:: Exercise directions ::
Starting from the line with "Balcony Image of" and going up to and including the line with "Rdr 2 киран можно ли спасти", copy the listing below exactly. Leave all images out.

:: Supplied material ::
▬▬▬▬▬▬

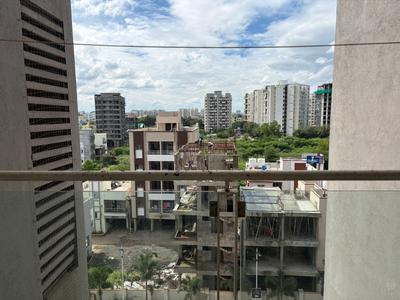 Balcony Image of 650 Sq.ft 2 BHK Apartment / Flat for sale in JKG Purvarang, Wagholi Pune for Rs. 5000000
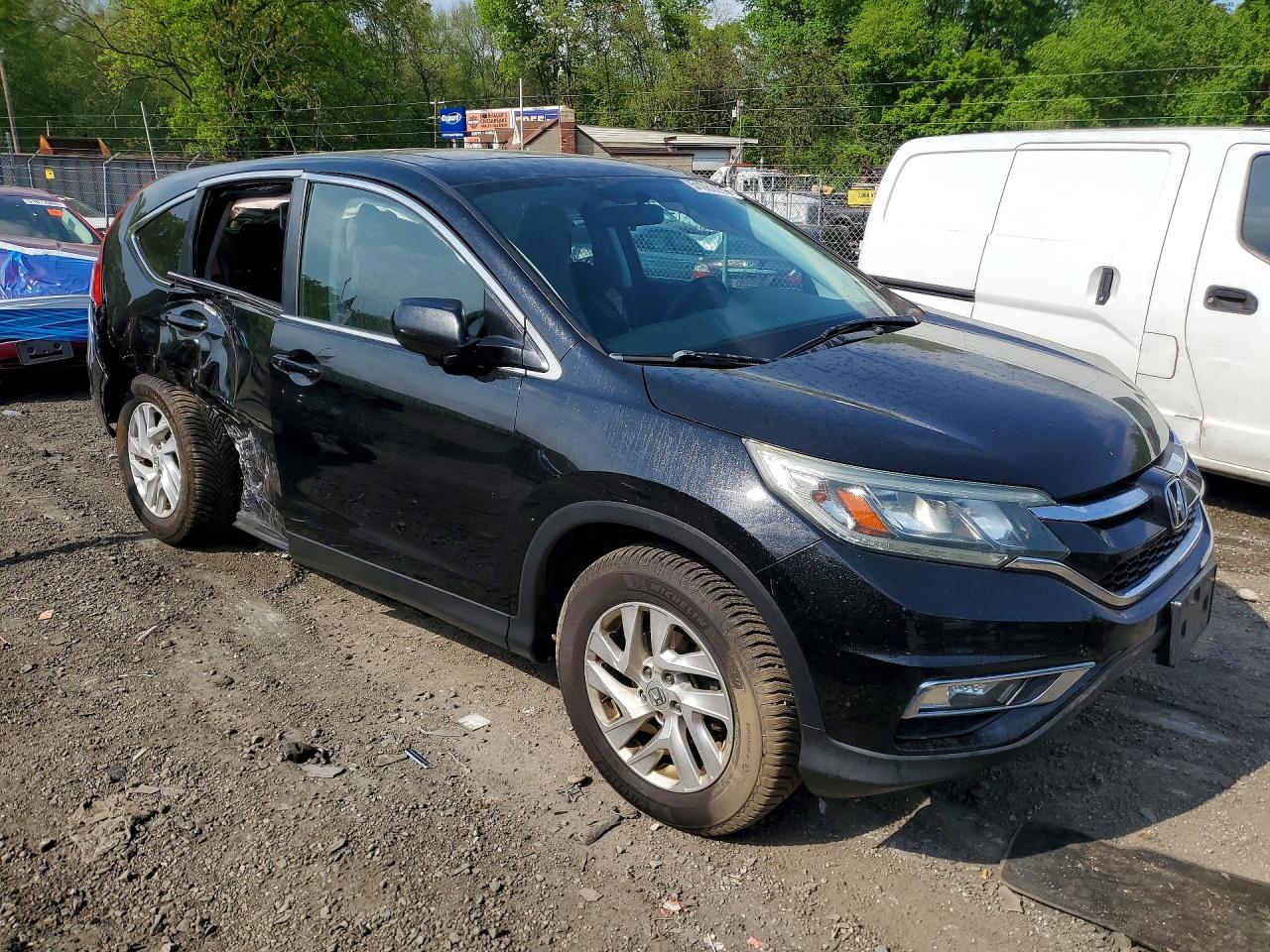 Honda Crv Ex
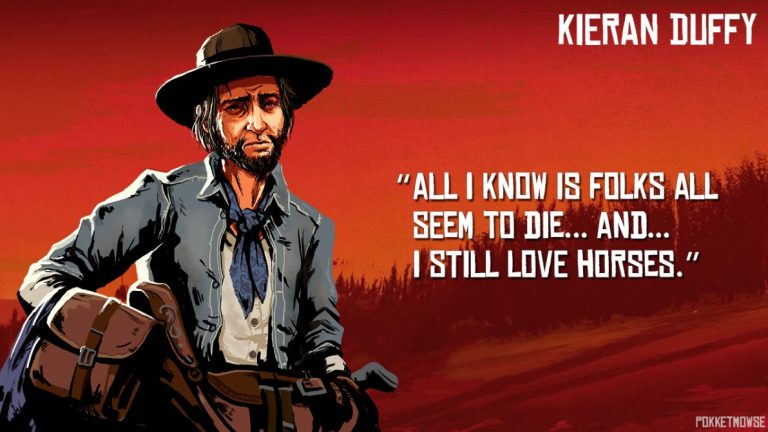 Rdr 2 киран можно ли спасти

▬▬▬▬▬▬

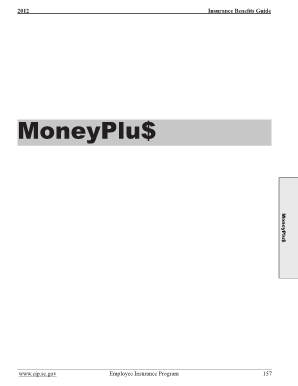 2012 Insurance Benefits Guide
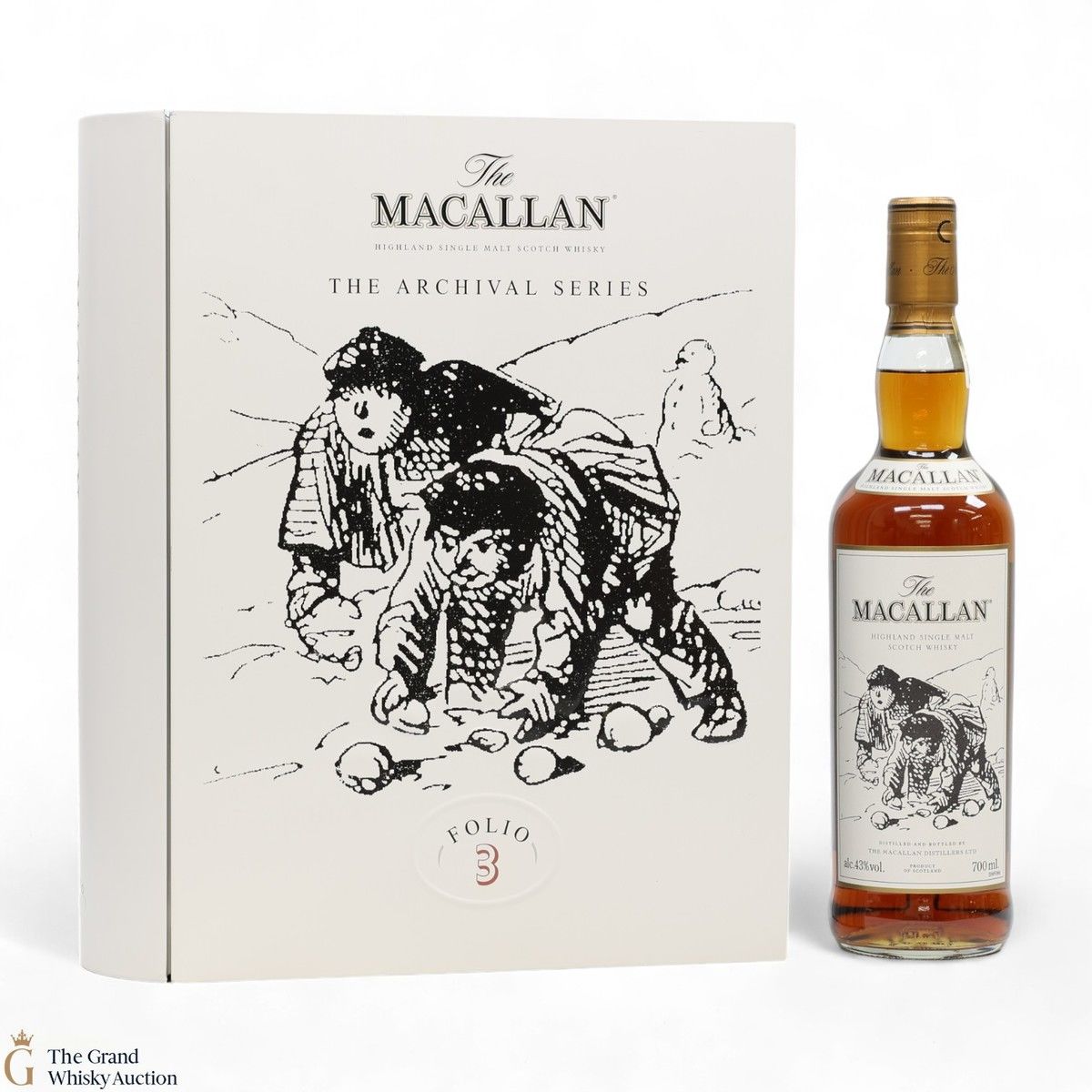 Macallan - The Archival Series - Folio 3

▬▬▬▬▬▬

:: Answer section ::
 Balcony Image of 650 Sq.ft 2 BHK Apartment / Flat for sale in JKG Purvarang, Wagholi Pune for Rs. 5000000
 Honda Crv Ex
 Rdr 2 киран можно ли спасти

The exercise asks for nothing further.